I am giving advance warning, and an advance apology, for what I am about
to say, because I know it's going to be unpopular in many quarters, and
I know that some of those same quarters may be my dearest friends. All I
can plead in mitigation is that we are all grown up people here, and I
believe that we are not afraid of voicing opinions with which others may
disagree, and we all believe that others have the right to voice
different ones. And so on.
I have to say to my shame, that this is the first time I have read it
all the way through, having made an abortive beginning at the age of
eight when it was my mother's night school English text, and getting the
Cathys and Lintons totally mixed up. So, when a copy came into my hands
for 50p, I thought, "Now, Mim, this is your chance, are you going to let
one of the acknowledged diamonds of English literature pass you by?" and
I thought, "Of course not!" The lady in Poor Richard's Books, our local
second-hand book emporium, told me it was her favourite book. I knew
that the late Heath Ledger was apparently named for the chief character.
The paperback fitted neatly into my work handbag for reading on the
train. All the omens were, therefore, good.
Now I have given up negativity for Lent, as some of you know, and am
therefore embracing positivity, and therefore, the use of some words or
phrases must not pass either my tongue or my keyboard during this holy
season.
Words, for example, like "Horseshit".
Which is probably just as well.
In its defence, it is a great page-turner, and once you have started,
you feel you have to see the thing through to the end.

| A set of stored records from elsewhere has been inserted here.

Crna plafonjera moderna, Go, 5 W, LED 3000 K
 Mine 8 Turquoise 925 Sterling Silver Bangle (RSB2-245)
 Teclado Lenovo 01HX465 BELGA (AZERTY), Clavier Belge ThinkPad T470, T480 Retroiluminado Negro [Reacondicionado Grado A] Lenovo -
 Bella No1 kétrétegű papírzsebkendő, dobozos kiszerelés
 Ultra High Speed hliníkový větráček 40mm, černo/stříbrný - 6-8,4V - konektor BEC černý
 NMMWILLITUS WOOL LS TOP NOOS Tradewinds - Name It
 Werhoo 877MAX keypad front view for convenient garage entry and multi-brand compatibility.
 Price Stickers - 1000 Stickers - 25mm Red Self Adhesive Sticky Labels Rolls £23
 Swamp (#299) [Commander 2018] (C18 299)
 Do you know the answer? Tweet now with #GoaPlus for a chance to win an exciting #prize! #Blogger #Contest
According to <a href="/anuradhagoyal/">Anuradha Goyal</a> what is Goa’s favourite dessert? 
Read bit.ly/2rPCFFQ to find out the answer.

The descriptions
of the countryside and the Yorkshire moors are absolutely mouthwatering.
But the characters! Oh my sacred aunt. There isn't one of them that you
wouldn't happily employ as a moving target in the World All-Comers
Backside-Kicking Championships. Catherine Earnshaw has to be one of the
most irritating little divas in literature, surely, a young woman who
basically dies to spite everybody. Her deathbed scene, by the way, is
hilarious - she staggers around sinking into things and raising herself
weakly up, and pulling Heathcliff's hair and telling him he has murdered
her, and generally behaving swooningly, and then almost as an
afterthought, giving birth to the second Catherine. (That's Catherine
Linton, afterwards Catherine Heathcliff, afterwards Catherine Earnshaw,
not to be confused with her mother, the said diva, Catherine Earnshaw,
afterwards Catherine Linton, and at no point Catherine Heathcliff. Keep
up at the back, there.) I will also say, however, for Emily Bronte's
characterisation that she is really good on teenagers and very honest
about what little s-h-one-ts they can be. When you remember for example
that the "elder" Catherine is nineteen when she dies, a lot of her
behaviour, unfortunately, makes sense. And yes, I do remember myself at
that age. That's what I mean.
But the worst disappointment must surely be the portrayal of Heathcliff
himself. I believe there are otherwise sensible women who would happily
throw their underwear at him were he to appear before them. I think the
lady in Poor Richard's Books may have been one of them. If this is so,
it is really worrying, because he is portrayed as unremittingly bad
almost from the first, when the nice but hopelessly naive Mr Earnshaw
discovers him as a child in a Liverpool slum. Abuse at the hands of Mr
Earnshaw's son obviously doesn't help, as he then spends the rest of his
life exacting diabolical revenge on everybody for everything. Except,
actually, that he doesn't murder Number One Catherine - she is
exaggerating, as usual. It's about the one crime he doesn't commit. (He
does just about everything else, including a spot of quite lovingly
described necrophilia. He probably would have ridden a bike without
lights if bikes had been invented at that point.) In short, he is a man
who should just have gone around with "I am the Devil Incarnate"
tattooed on his forehead, thus sparing everyone the bother. Completely
charmless and actually, two-dimensional. You feel that a puff of green
smoke should appear every time he has a scene. A pantomime villain, but
without the laughs.
Oh, and there is a religious maniac who wouldn't be too out of place in
"Cold Comfort Farm" - parts of which, I guess, are "Wuthering Heights"
played for laughs - and which is definitely up there among my favourite
books. A young woman's book, too, like "Wuthering Heights". Maybe that
says more about me than about either book.
I dunno, I just dunno. A rough diamond of a book, I think. A stained
brocade. A flawed masterpiece. Who knows, if Emily had lived, what else,
etc, etc.
Or, possibly, horseshit.
Can't get that ruddy Kate Bush song out of my head, though.